EXCERPTED RECORDS Start Marker

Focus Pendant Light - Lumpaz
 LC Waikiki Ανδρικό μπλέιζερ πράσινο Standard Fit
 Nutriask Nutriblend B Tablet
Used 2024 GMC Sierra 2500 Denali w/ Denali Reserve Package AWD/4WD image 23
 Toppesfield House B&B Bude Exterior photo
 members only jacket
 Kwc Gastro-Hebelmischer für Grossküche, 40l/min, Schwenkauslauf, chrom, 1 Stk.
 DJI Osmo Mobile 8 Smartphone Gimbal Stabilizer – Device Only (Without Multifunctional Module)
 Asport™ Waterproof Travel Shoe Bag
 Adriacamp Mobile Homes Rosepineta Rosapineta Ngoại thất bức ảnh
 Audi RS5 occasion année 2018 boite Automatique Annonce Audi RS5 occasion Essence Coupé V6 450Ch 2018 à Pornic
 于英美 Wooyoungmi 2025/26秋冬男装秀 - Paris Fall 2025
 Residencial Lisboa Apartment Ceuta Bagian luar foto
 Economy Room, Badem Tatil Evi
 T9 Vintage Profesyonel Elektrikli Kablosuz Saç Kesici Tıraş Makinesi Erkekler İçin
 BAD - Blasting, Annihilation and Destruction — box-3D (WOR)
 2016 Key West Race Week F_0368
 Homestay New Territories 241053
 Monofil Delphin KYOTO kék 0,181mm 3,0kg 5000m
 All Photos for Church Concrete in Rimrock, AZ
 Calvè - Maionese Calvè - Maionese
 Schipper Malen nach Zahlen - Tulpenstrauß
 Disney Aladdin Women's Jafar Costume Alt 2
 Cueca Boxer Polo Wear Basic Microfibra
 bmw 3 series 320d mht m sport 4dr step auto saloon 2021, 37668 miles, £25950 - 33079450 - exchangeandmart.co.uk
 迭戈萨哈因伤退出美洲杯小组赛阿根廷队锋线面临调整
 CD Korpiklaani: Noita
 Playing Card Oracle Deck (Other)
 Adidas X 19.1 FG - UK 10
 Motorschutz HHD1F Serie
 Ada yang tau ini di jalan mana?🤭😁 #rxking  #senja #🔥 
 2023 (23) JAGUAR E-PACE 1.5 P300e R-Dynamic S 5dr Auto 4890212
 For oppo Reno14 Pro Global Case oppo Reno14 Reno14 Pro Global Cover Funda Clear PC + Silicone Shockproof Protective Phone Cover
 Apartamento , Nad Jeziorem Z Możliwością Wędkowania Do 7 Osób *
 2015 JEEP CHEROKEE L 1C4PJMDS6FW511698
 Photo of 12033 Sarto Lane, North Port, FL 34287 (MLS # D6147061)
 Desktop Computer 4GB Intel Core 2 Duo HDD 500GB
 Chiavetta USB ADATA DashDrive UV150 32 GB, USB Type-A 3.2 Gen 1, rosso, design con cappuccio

EXCERPTED RECORDS End Marker

**EXERCISE PROMPT**: Reproduce every record above exactly.

**EXERCISE SOLUTION**:
Focus Pendant Light - Lumpaz
 LC Waikiki Ανδρικό μπλέιζερ πράσινο Standard Fit
 Nutriask Nutriblend B Tablet
Used 2024 GMC Sierra 2500 Denali w/ Denali Reserve Package AWD/4WD image 23
 Toppesfield House B&B Bude Exterior photo
 members only jacket
 Kwc Gastro-Hebelmischer für Grossküche, 40l/min, Schwenkauslauf, chrom, 1 Stk.
 DJI Osmo Mobile 8 Smartphone Gimbal Stabilizer – Device Only (Without Multifunctional Module)
 Asport™ Waterproof Travel Shoe Bag
 Adriacamp Mobile Homes Rosepineta Rosapineta Ngoại thất bức ảnh
 Audi RS5 occasion année 2018 boite Automatique Annonce Audi RS5 occasion Essence Coupé V6 450Ch 2018 à Pornic
 于英美 Wooyoungmi 2025/26秋冬男装秀 - Paris Fall 2025
 Residencial Lisboa Apartment Ceuta Bagian luar foto
 Economy Room, Badem Tatil Evi
 T9 Vintage Profesyonel Elektrikli Kablosuz Saç Kesici Tıraş Makinesi Erkekler İçin
 BAD - Blasting, Annihilation and Destruction — box-3D (WOR)
 2016 Key West Race Week F_0368
 Homestay New Territories 241053
 Monofil Delphin KYOTO kék 0,181mm 3,0kg 5000m
 All Photos for Church Concrete in Rimrock, AZ
 Calvè - Maionese Calvè - Maionese
 Schipper Malen nach Zahlen - Tulpenstrauß
 Disney Aladdin Women's Jafar Costume Alt 2
 Cueca Boxer Polo Wear Basic Microfibra
 bmw 3 series 320d mht m sport 4dr step auto saloon 2021, 37668 miles, £25950 - 33079450 - exchangeandmart.co.uk
 迭戈萨哈因伤退出美洲杯小组赛阿根廷队锋线面临调整
 CD Korpiklaani: Noita
 Playing Card Oracle Deck (Other)
 Adidas X 19.1 FG - UK 10
 Motorschutz HHD1F Serie
 Ada yang tau ini di jalan mana?🤭😁 #rxking  #senja #🔥 
 2023 (23) JAGUAR E-PACE 1.5 P300e R-Dynamic S 5dr Auto 4890212
 For oppo Reno14 Pro Global Case oppo Reno14 Reno14 Pro Global Cover Funda Clear PC + Silicone Shockproof Protective Phone Cover
 Apartamento , Nad Jeziorem Z Możliwością Wędkowania Do 7 Osób *
 2015 JEEP CHEROKEE L 1C4PJMDS6FW511698
 Photo of 12033 Sarto Lane, North Port, FL 34287 (MLS # D6147061)
 Desktop Computer 4GB Intel Core 2 Duo HDD 500GB
 Chiavetta USB ADATA DashDrive UV150 32 GB, USB Type-A 3.2 Gen 1, rosso, design con cappuccio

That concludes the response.